Yukon Arts Centre
When you have a baby, everyone else becomes an expert on parenting. At least, that’s what they think.
“Everybody knows better,” says Romy Seibt. “Like, everybody is talking to you. You have to deal with so many things people just say to you from the outside and they think they know it better.”
It can be especially damaging when you’re in that vulnerable new-mom phase, Seibt says.
You hear the advice and the corrections and you internalize them. You start to worry that you’re no good at parenting. That you’re screwing up your child. You lose your self-confidence — in many areas of your life.
For Seibt, a trained circus performer and mother of two, that included her professional confidence. After she had her first kid, people assumed she would stop performing, she says. And then when you don’t quit, when you still have the urge to go out and take a show on tour, you’re judged for it. Wouldn’t a good mom put her travelling days behind her and stay home with the kids? That’s the feedback you get. It’s exhausting. It’s isolating. It’s also common. That’s why Seibt and the Berlin-based circus collective, still hungry, developed Raven.
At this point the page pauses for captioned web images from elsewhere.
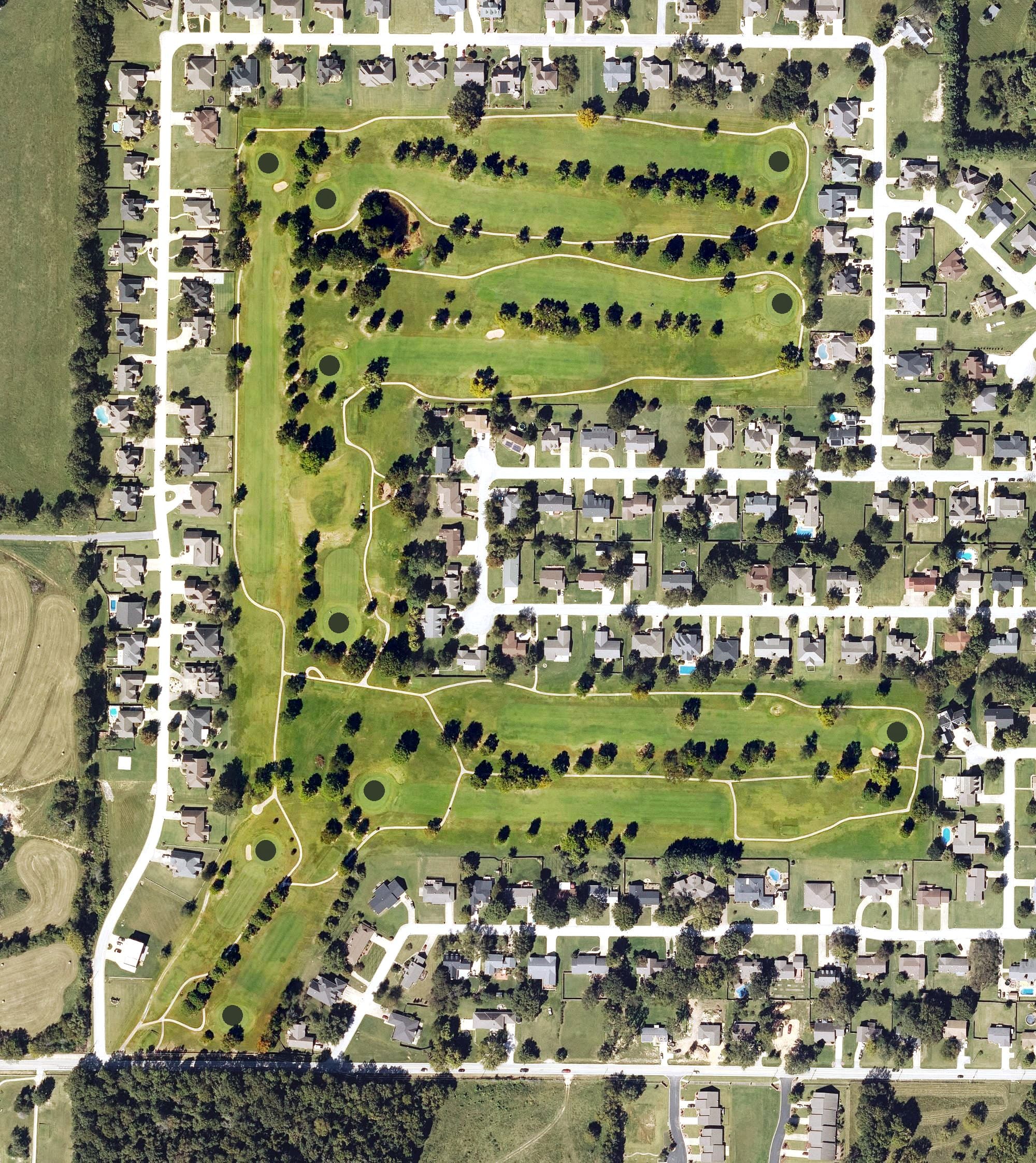 Aerial view of Harrison Country Club, AR, with its hole routing marked
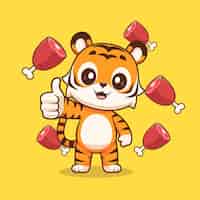 Free vector cute tiger thumbs up with meat cartoon vector icon illustration animal food icon concept isolated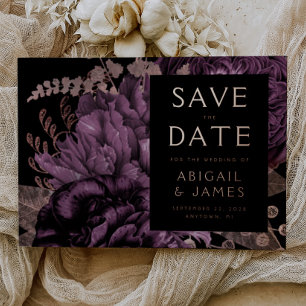 Dark Floral Purple Rose Gold Wedding Save the Date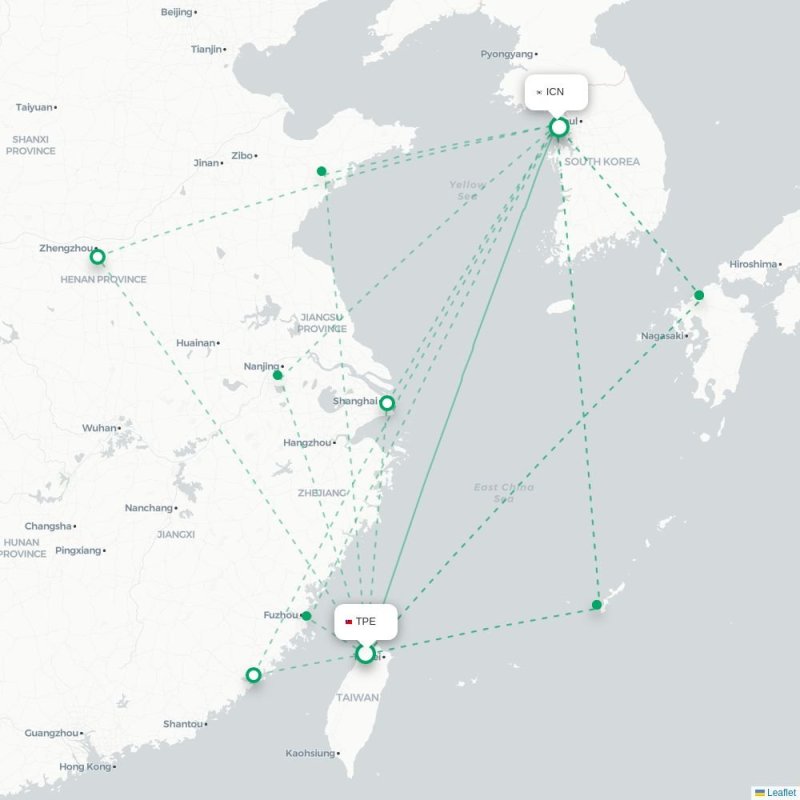 TPE - ICN route map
The performance comes to the Yukon Arts Centre on May 6. It uses a mix of dance, acrobatics and words to focus on the tension and contradictions inherent in motherhood. Raven illustrates the complications of motherhood in a way that doesn’t shy away from opposing truths, like how you can love your child and have regrets; be grateful you’re a mother and want to do your own thing; feel guilty and resentful and loving all at once.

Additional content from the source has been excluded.